First, demand:
Csv file for data cleansing crawling
Use of content: pandas, regular expressions
Second, a simple analysis:
A total of 176 data
Among them, analyze the target subject to full-time, but job titles include internship information, you need removed.

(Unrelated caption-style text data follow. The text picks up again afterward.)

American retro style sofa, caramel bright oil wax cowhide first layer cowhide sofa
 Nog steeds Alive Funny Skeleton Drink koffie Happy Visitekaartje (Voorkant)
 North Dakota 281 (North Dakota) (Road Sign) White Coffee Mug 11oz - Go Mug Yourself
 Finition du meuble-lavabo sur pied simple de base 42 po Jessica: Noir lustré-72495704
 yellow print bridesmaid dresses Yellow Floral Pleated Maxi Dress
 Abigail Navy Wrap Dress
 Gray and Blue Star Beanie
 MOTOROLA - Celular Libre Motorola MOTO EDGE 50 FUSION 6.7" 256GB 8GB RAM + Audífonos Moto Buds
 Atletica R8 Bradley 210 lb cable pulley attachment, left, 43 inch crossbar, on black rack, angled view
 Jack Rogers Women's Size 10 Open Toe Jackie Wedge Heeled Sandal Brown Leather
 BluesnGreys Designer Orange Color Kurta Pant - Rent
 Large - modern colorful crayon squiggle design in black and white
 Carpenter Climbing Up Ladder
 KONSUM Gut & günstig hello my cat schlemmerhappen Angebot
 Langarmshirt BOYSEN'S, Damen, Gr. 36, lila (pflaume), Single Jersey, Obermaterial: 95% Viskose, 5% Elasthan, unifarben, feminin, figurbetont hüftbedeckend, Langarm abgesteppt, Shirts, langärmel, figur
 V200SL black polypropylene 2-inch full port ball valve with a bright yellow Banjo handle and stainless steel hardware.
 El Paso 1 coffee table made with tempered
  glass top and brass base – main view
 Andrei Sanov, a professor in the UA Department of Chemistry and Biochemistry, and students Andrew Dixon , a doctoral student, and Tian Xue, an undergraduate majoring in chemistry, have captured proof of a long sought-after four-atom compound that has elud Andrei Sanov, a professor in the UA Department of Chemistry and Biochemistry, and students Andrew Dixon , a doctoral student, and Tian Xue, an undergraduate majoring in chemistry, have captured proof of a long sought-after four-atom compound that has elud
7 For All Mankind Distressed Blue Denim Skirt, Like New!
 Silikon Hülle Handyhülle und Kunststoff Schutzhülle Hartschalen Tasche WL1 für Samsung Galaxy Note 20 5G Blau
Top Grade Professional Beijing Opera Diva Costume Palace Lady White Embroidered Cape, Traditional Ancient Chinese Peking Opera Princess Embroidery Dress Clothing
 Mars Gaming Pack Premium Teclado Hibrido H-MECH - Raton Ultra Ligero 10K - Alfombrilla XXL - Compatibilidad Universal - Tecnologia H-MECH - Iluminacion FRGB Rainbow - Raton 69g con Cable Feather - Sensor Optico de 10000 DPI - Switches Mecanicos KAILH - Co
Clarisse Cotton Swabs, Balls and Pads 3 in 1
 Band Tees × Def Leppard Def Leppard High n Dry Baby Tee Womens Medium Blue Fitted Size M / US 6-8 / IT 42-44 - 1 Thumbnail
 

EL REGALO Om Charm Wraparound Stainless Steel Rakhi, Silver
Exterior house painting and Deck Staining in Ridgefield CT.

Data aspects: csv format is saved str, use regular expressions to extract the value of work experience to the average wage according to the market situation, taking 25% of the former salary range.
Third, the code:
import pandas as pd df = pd.read_csv('lagou8.4jobs.csv',encoding='utf-8-sig') #print(df.describe()) #共175条信息,其中包含了实习信息需要清洗掉 df.drop(df[df['职位名称'].str.contains('实习')].index,inplace=True) #print(df.describe()) #67条 pattern = '\d+' #正则表达式 获取所有数字 df['工作经验'] = df['工作经验'].str.findall(pattern) #print(df['工作经验']) avg_work_year = [] for i in df['工作经验']: if len(i) == 0: avg_work_year.append(0) else: num = [int(j) for j in i] avg = sum(num)/2 avg_work_year.append(avg) #print(avg_work_year) df['工作经验'] = avg_work_year df['工资'] = df['工资'].str.findall(pattern) #print(df['工资']) avg_salary = [] for i in df['工资']: num = [int(j) for j in i] #print(num) avg = num[0]+(num[1]-num[0])/4 print(avg) avg_salary.append(avg) df['工资'] = avg_salary df.to_csv('clear_data.csv', index = False,encoding='utf-8-sig')
其间遇到问题:
一开始csv文件名为中文,导入期间遇到编码问题‘utf-8’无法解析,后查证修改文件名,以utf-8编码模式保存即可。